| SUPPLIED INFORMATION |
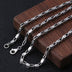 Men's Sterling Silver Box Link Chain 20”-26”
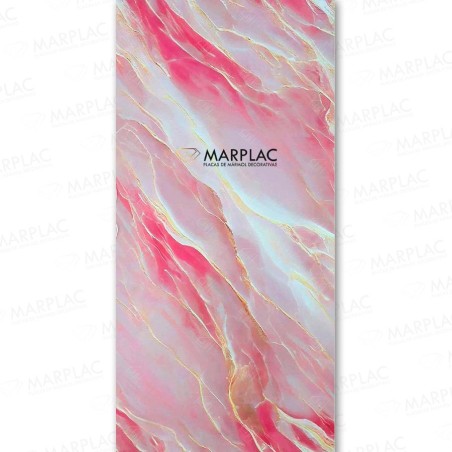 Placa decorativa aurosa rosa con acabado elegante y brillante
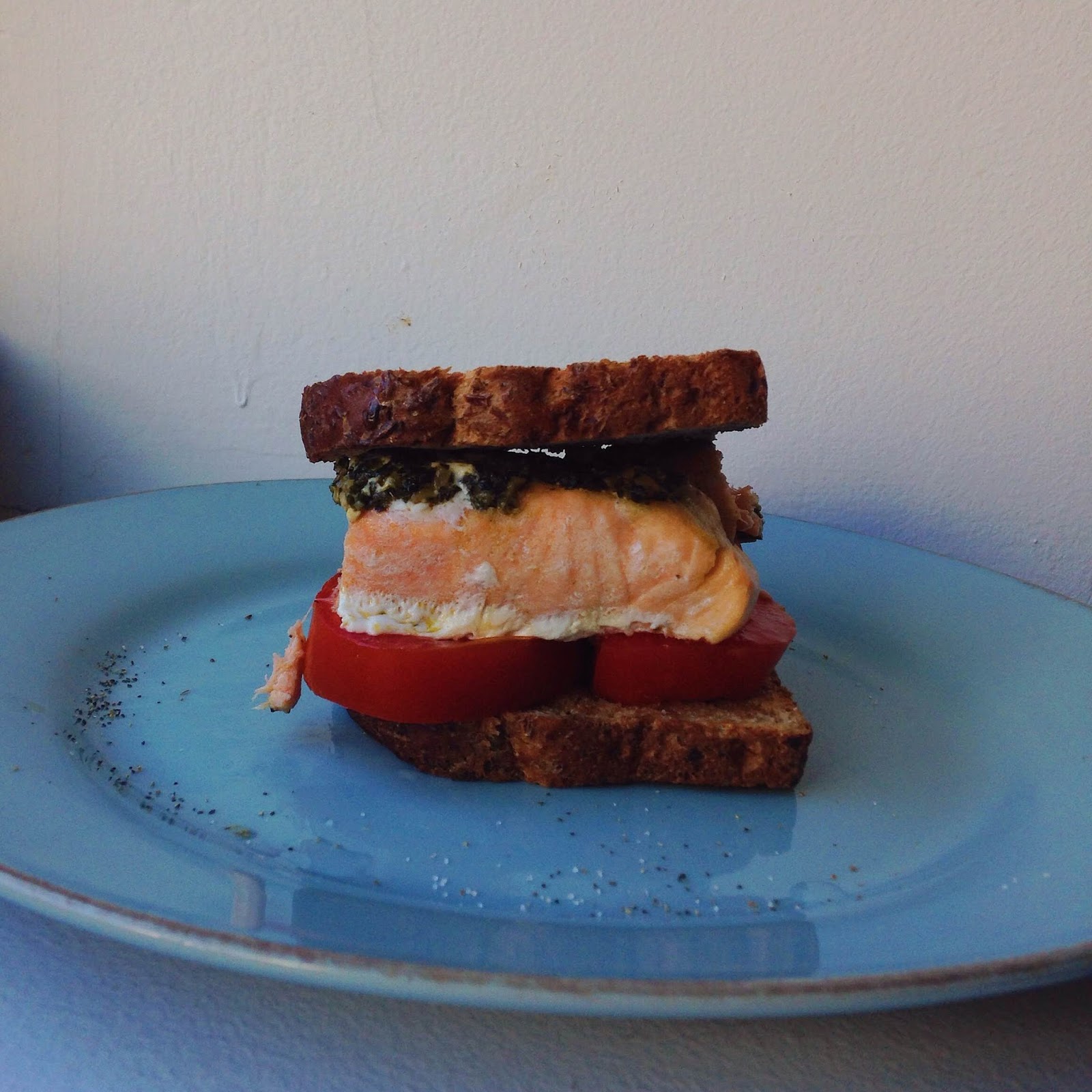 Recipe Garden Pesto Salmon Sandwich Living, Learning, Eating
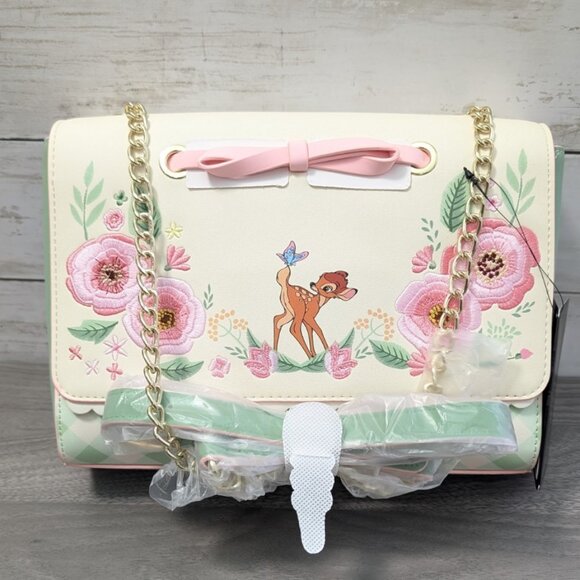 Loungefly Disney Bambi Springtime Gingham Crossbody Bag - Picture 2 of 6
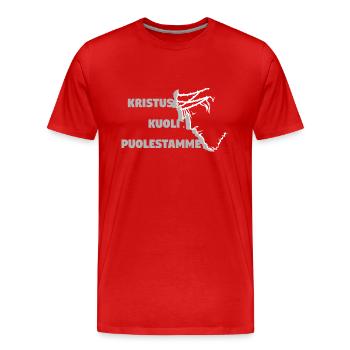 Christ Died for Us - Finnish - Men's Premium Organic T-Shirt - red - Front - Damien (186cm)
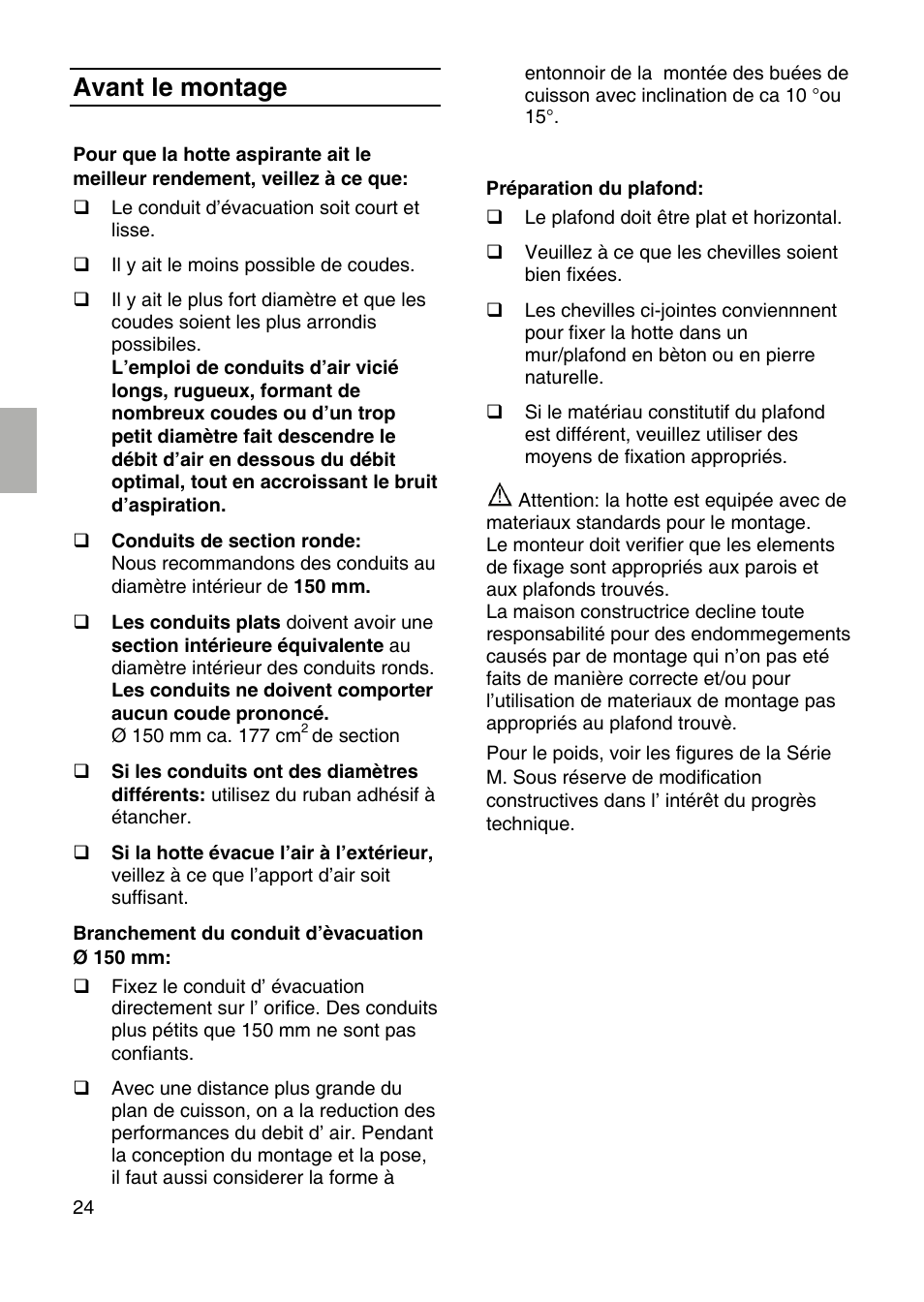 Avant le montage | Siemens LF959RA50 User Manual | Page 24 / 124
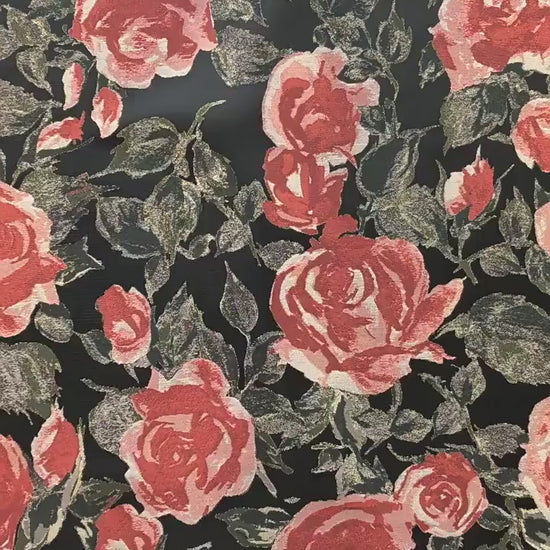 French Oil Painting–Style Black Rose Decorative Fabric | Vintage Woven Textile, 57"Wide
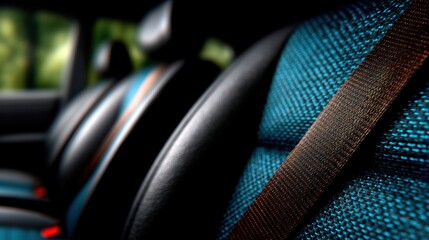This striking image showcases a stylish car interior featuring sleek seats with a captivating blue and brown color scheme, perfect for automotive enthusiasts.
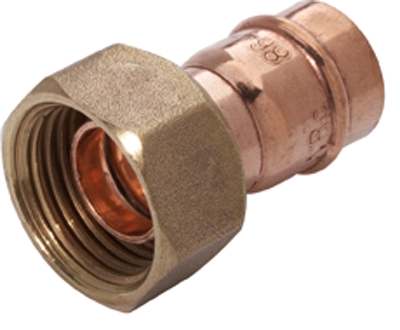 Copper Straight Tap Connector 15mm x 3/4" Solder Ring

| WORK REQUEST |
Take the records above and transcribe them exactly, dropping every picture.

| SOLVED EXERCISE |
 Men's Sterling Silver Box Link Chain 20”-26”
 Placa decorativa aurosa rosa con acabado elegante y brillante
 Recipe Garden Pesto Salmon Sandwich Living, Learning, Eating
 Loungefly Disney Bambi Springtime Gingham Crossbody Bag - Picture 2 of 6
 Christ Died for Us - Finnish - Men's Premium Organic T-Shirt - red - Front - Damien (186cm)
 Avant le montage | Siemens LF959RA50 User Manual | Page 24 / 124
 French Oil Painting–Style Black Rose Decorative Fabric | Vintage Woven Textile, 57"Wide
This striking image showcases a stylish car interior featuring sleek seats with a captivating blue and brown color scheme, perfect for automotive enthusiasts.
 Copper Straight Tap Connector 15mm x 3/4" Solder Ring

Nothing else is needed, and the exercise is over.